Он помог ей пройти, с силой оттолкнул моторку от берега и мрачно наблюдал за тем, как она уходит по инерции все дальше и дальше. Но вот мотор взревел, и легкая лодочка, набирая скорость, помчалась в направлении Нижней протоки. Пронина махала платочком, но с берега ей никто не отвечал, кроме Колчанова.
…По мере того как лодка уносилась от стана, Пронина испытывала все более тягостную тоску. Ничего подобного с ней никогда не бывало, даже когда она покидала Москву, отправляясь на Дальний Восток. Что бы это значило, почему так жестоко гложет ее душу это неизведанное, тревожное и вместе с тем светлое чувство? «Что это? Что со мной? — думала она, отрешенно глядя на привольный простор Амура и прислушиваясь к внутреннему голосу. — Что я наделала!..» Совершенно в новом свете вдруг увидела она все, что происходило в эти три месяца в ее жизни, и особенно события вчерашнего дня. «Признайся хоть самой себе, почему ты так поступила?»
Пронина все время видела перед собой глаза Колчанова: черные, немного грустные, направленные, кажется, в самую ее душу. Они осуждали с тоской и болью, а ей так хотелось, чтобы они сияли в счастливой улыбке, как было когда-то.

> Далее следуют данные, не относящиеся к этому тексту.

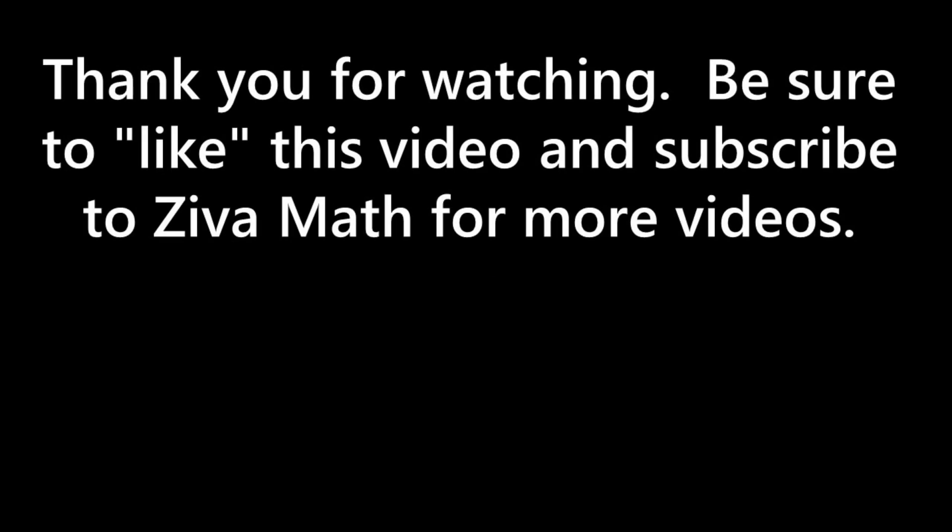Thank you for watching. Be sure to like this video and subscribe to Ziva Math for more videos.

Чувство раскаяния все сильнее терзало Пронину. С беспощадностью самого строгого судьи бичевала она себя буквально за все, в чем мало-мальски находила проявление эгоизма. И чем строже она судила себя, тем яснее видела благородство и красоту души Колчанова.

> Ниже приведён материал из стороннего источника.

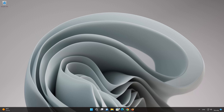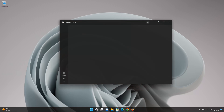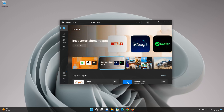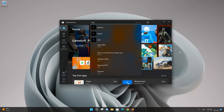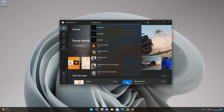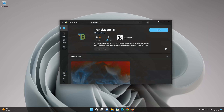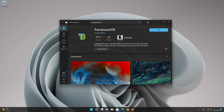First, open your Microsoft Store. Search for Translucent TB. Click on Translucent TB. Press the Get button to start downloading Translucent TB. Wait for Translucent TB to be downloaded and installed. Now your Translucent TB app should be installed. Now open your Translucent TB app.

Где-то на половине пути у нее вдруг родилась мысль вернуться на Чогор. Вернуться, мужественно предстать перед товарищеским судом, честно покаяться перед этими светлыми и чистыми ребятами и начать жить по-новому… Хлудков? Пусть порадуется. Но зато как очистится ее совесть. Эта мысль все больше захватывала ее, она представлялась единственным спасением от терзающих душу угрызений совести. На душе посветлело. Решение принято — она возвращается на Чогор! Она повернулась к Толпыге, сделала знак, чтобы он приглушил мотор, шум которого мешал говорить. Толпыга убрал газ, и лодка резко сбавила бег.
— Шура, — Пронина мило и откровенно улыбалась, — ты только не смейся тому, что я тебе скажу: я хочу вернуться на Чогор. Я не могу уезжать, не извинившись перед бригадой…
— Не могу, Надежда Михайловна, — мрачно сказал Толпыга, отводя глаза в сторону.
— Почему?
— Петр Григорьевич не разрешил.
— Как не разрешил? — у Прониной от изумления поползли вверх тонкие дуги бровей.
— Да так, не разрешил — и все. Сказал, чтобы я не возвращался, если вы попросите повернуть назад…
Лицо Прониной как-то сразу поблекло.
— Боже мой… Старый учитель… — прошептала она и отвернулась от Толпыги.
Мотор взревел с новой силой, и лодка помчалась по шершавой ряби волн, поднимаемой легким верховым ветерком.